Closed lazystone closed 5 years ago
Would you happen to have a log ? At least of the last executed query ? Thank you.
2015-06-04 03:02:58 CEST LOG: server process (PID 24488) was terminated by signal 11: Segmentation fault 2015-06-04 03:02:58 CEST DETAIL: Failed process was running: copy (select * from service_passenger_departure_view) to '/tmp/extract_and_build_database/service_passenger_departure.dmp'
What is the definition of the view, and the underlying tables column types, for column involved in a JOIN or WHERE clause ?
Does it crash every time you run this query, or only during your long transaction ?
Thank you.
I've substituted field names by their types:
CREATE OR REPLACE VIEW service_passenger_departure_view AS
SELECT DISTINCT psd.integer_column,
pbd.integer_column,
st.character_varying_2,
st.character_varying_64,
s.character_varying_10,
s.character_varying_256,
st.integer_column,
s.character_varying_40,
ps.boolean_column,
ps.character_varying_3,
ps.timestamp_with_time_zone,
ps.integer_column,
ps.timestamp_with_time_zone
FROM st, s, pbd, psd, ps
WHERE ps.integer_column IS NOT NULL AND st.inter_column = (s.inter_column + 0) AND s.integer_column = (ps.integer_column + 0) AND pbd.integer_column = (ps.integer_column + 0) AND psd.integer_column = (ps.integer_column + 0);
I guess that it fails every time. But can't say for sure right now.

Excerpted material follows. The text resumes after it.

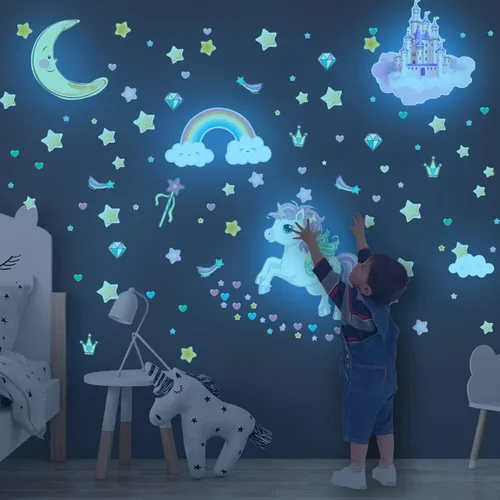 Vista 16 de Estrellas que brillan en la oscuridad para la habitación, adhesivos de pared/techo que brillan de gatos, calcomanías de mariposas de gatito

Tried to enable it once more - fails on another query now:
16:02:30 CEST LOG: server process (PID 49306) was terminated by signal 11: Segmentation fault
2015-06-04 16:02:30 CEST DETAIL: Failed process was running: /* load collection se.paxport.paxoutput.core.model.DocumentEntity.documentReceivers */ select documentre0_.document_id as document1_2_0_, documentre0_.address as address2_5_0_, documentre0_.as_attachment as as_attac3_5_0_, documentre0_.carbon_copy as carbon_c4_5_0_, documentre0_.name as name5_5_0_, documentre0_.receive_only_reportable_data as receive_6_5_0_, documentre0_.receiver_id as receiver7_5_0_, documentre0_.sent_at as sent_at8_5_0_, documentre0_.split_mail_pnl as split_ma9_5_0_, documentre0_.type as type10_5_0_, documentre0_.use_adl_all_group as use_adl11_5_0_ from t_document_receiver documentre0_ where documentre0_.document_id=$1
I tried to reproduce your issue, but without success. Could you provide a self-contained test or a dump of the required data ? (you can send it at powa (at) dalibo (dot) com if you need privacy).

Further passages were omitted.